Assuming you are reading this, it's likely that you either are or are thinking of becoming a customer of EN Publishing.

How do you perceive EN Publishing in relation to the rest of the RPG e-publishing industry?  In this poll, I've listed a few things which we'd like to be known for (whether or not we have got there is another matter - this is a "wish list" from the owners of the company).  Please let us know which, if any, of the list you feel we have achieved.

Thanks, folks!


----------



## Vaxalon (Jul 13, 2004)

On all but one count, "Not particularly."

Market leader: I think of Monte Cook and Malhavoc press.
Hiqh quality: Not consistently enough.
Good, friendly staff: Never met them personally.
Innovative: Yes.
Reliable and honest: Honest, yes, reliable, no.
Diverse range: Not any more than, for example, Bastion.


----------



## Planesdragon (Jul 13, 2004)

You should have included a "I don't feel that you are any of those things" option.

 As is, I'll go for "innovative."


----------



## RangerWickett (Jul 13, 2004)

Yeah, Russ really didn't make this unbiased.  We needed a poll of some sort, true, but Russ could've done something that wasn't so blatantly weighted in our favor.  It's like asking, "Do you A) like the dictator, or B) think Godzilla is your next door neighbor?"  Most people would pick A.

I personally think we're /fairly/ innovative, but we don't have enough of a presence online.  I swear, if I could, I would make sure there were sample chapters up for every book we sell, and we'd have regular, official web enhancements.  But it's hard to do that kind of stuff alone, y'know?


----------



## Capellan (Jul 14, 2004)

Market leader: in terms of sales, this at least I have to give you.
Hiqh quality: Not consistently.  Steam and Steel is great.  Gnomes: Masters of Illusion is not.
Good, friendly staff: Not unfriendly, but don't know them well enough to say more.
Innovative: enough that I ticked it, though I was including some of the pre-EN Pub Ambient products in the analysis.
Reliable and honest: Honest, yes, reliable, no.
Diverse range: Not a big enough range to be diverse, yet.


----------



## RangerWickett (Jul 14, 2004)

Just curious why people feel we're not reliable.  I'll be the first to admit that our schedule is haphazard, but what would you expect from a company for it to count as 'reliable'?


----------



## Capellan (Jul 14, 2004)

Remember, you asked 

To be "reliable", a publisher should:

* respond to e-mails, PMs and posts on their message boards promptly and accurately.  My personal experience with ENPub has been that responses come only after repeated prodding, and extensive delays.  If at all.

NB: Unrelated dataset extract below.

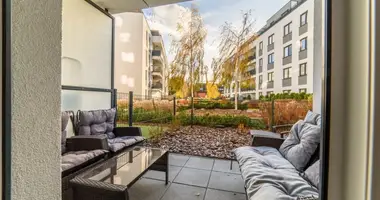 Квартира 2 комнаты в Варшава, Польша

* clearly establish a release schedule, stick to it as much as possible, and proactively report delays.  This means not announcing products that don't show up for months and months (EN Arsenal, anyone?)

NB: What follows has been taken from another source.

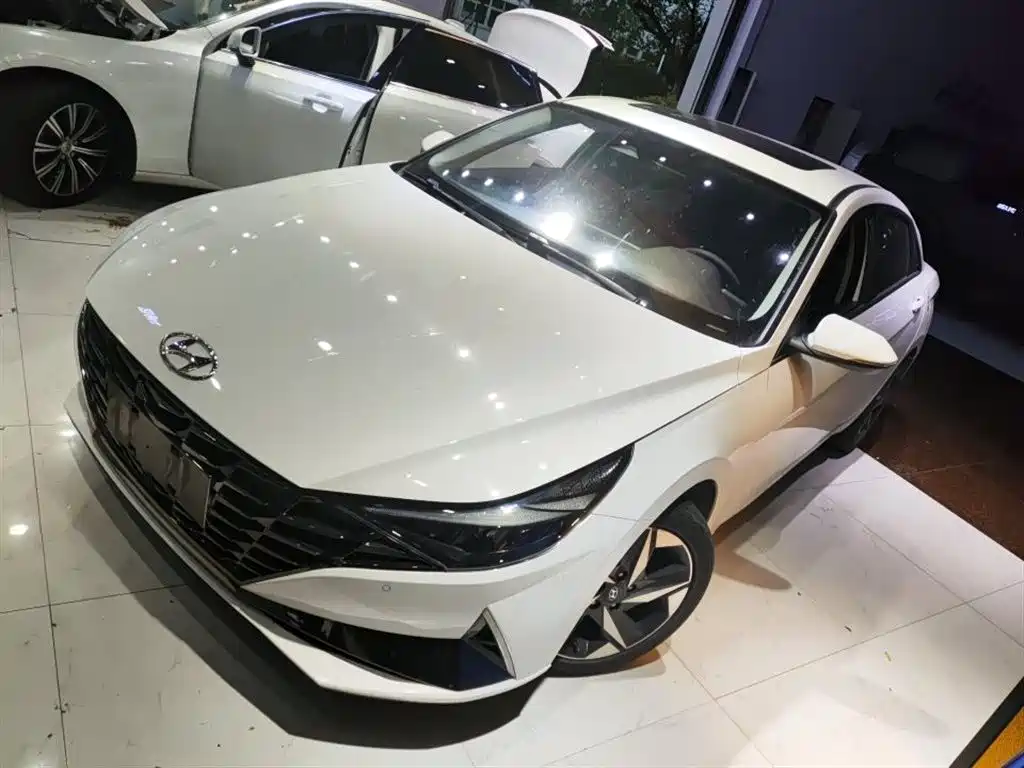Купить Hyundai Elantra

* establish and maintain at least some level of content checking.  There have been some grossly misbalanced feats, spells and prestige classes in EN Pub works (Dark Quest Games are primarily responsible) - and I'm talking misbalanced to the point that even a casual read-through makes them obvious

That ought to do for a start.


----------



## RangerWickett (Jul 14, 2004)

Capellan said:
			
		

> Remember, you asked




Indeed I did.  Thank you, David, for your candor.  I'll see what I can do to address these issues.


----------